Cidrolin vive una sua esistenza pacata e lenta su una chiatta parigina, nella capitale francese in pieno ventesimo secolo. Il Duca corre su e giù per i sette secoli precedenti, a partire dal venticinque settembre milleduecentosessantaquattro, con puntate ben distribuite nel tempo. L'uno rappresenta l’avventura, un po’ spregiudicata e guascona, l’altro è l'elogio della quotidianità, imperturbabile e libero da ogni tormento. Li unisce il fatto di essere il primo l'altra faccia della medaglia del secondo.
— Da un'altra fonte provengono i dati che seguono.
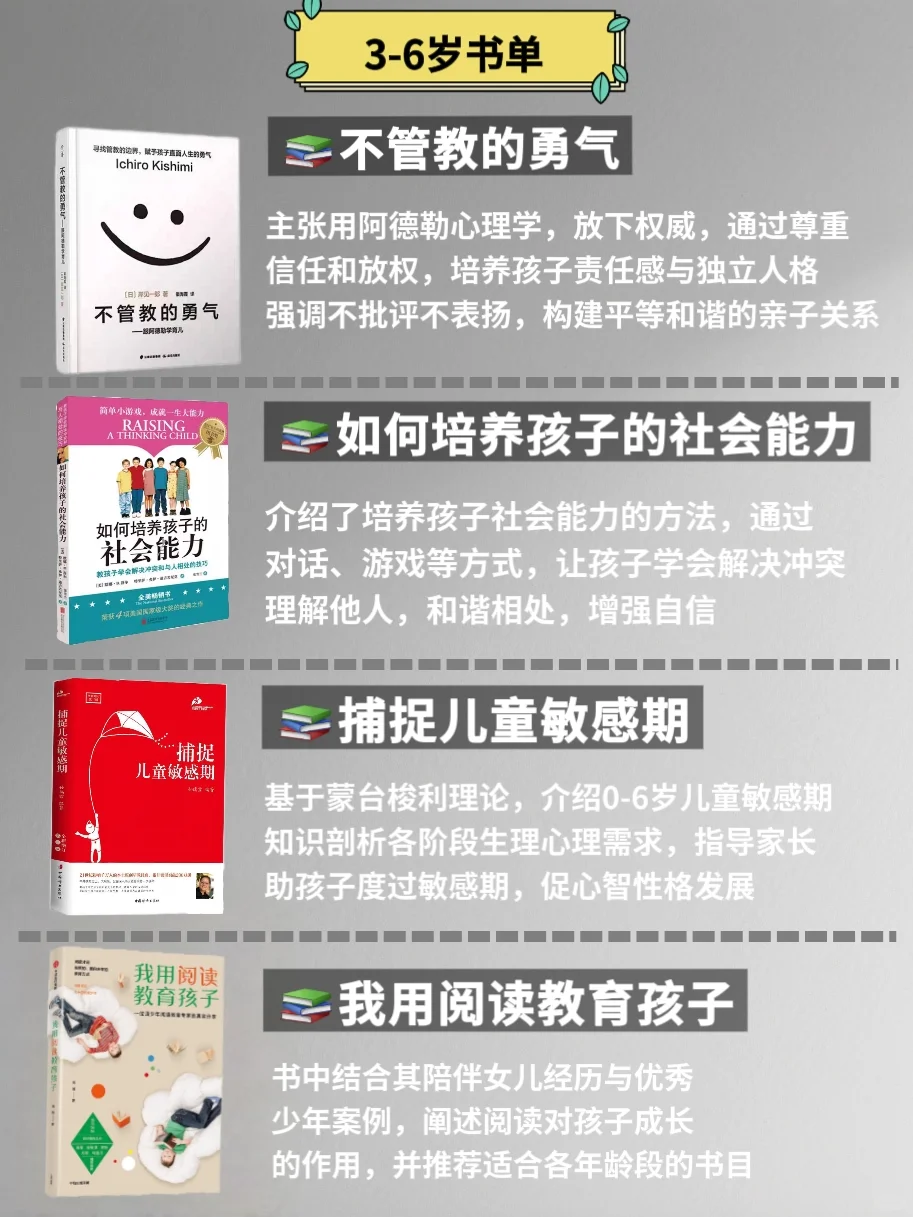 当了妈妈后，再忙也要读这24本书❗️不焦虑
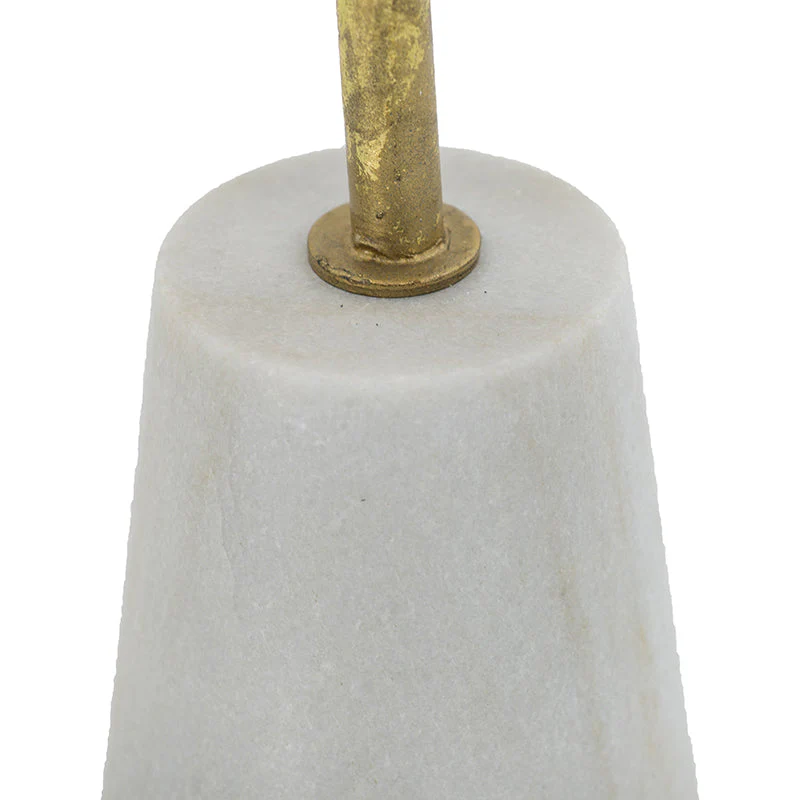 14.2x3.5x19.7" Iron Floral Hurricane With Marble Base - Image 8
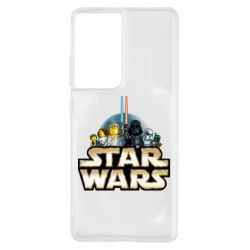 Чехол для Samsung S21 Ultra Star Wars Lego - PrintSalon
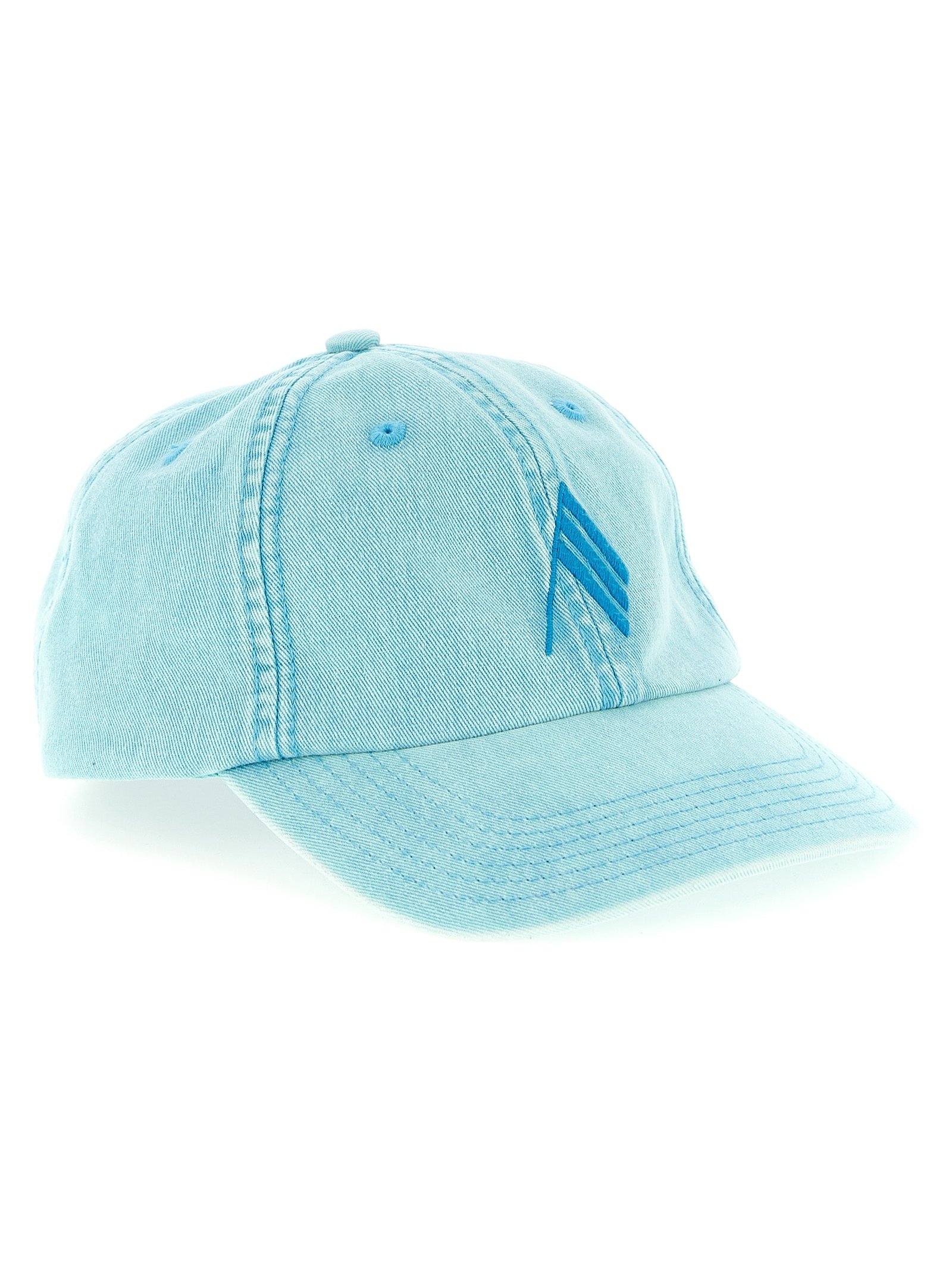 The Attico TH326205BM Logo-Embroidered Cotton Baseball Cap — Blue, view 2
Il tempo si intreccia in questo personaggio uno e bino, novello Giano bifronte che saetta da un'epoca all'altra, da una situazione all'altra, dall’azione alla siesta. E la macchina del tempo che permette queste navigazioni spaziotemporali è il sogno. Dopo un'abbuffata il Duca d'Auge si assopisce, sogna e diventa Cidrolin il quale fa la siesta, sogna ed è il Duca d'Auge in un continuo scambio tra i due. E così il tempo si intreccia e, probabilmente, va in tilt riportando, nella chiusa del libro, il Duca d'Auge nella stessa medesima situazione che apriva I fiori blu. Tant'è che proprio nella prima pagina, di questo cortocircuito c'è una traccia dichiarata, quando il Duca d?Auge parla al Duca d'Auge. Il bello poi è che, per vivere il cortocircuito, non è necessario arrivare all'ultima riga de I fiori blu. Ogni pagina, ogni cambio di scena, ogni scarto temporale fanno percepire che sta per accadere qualcosa di eccezionale, il che si avvera in modo del tutto naturale.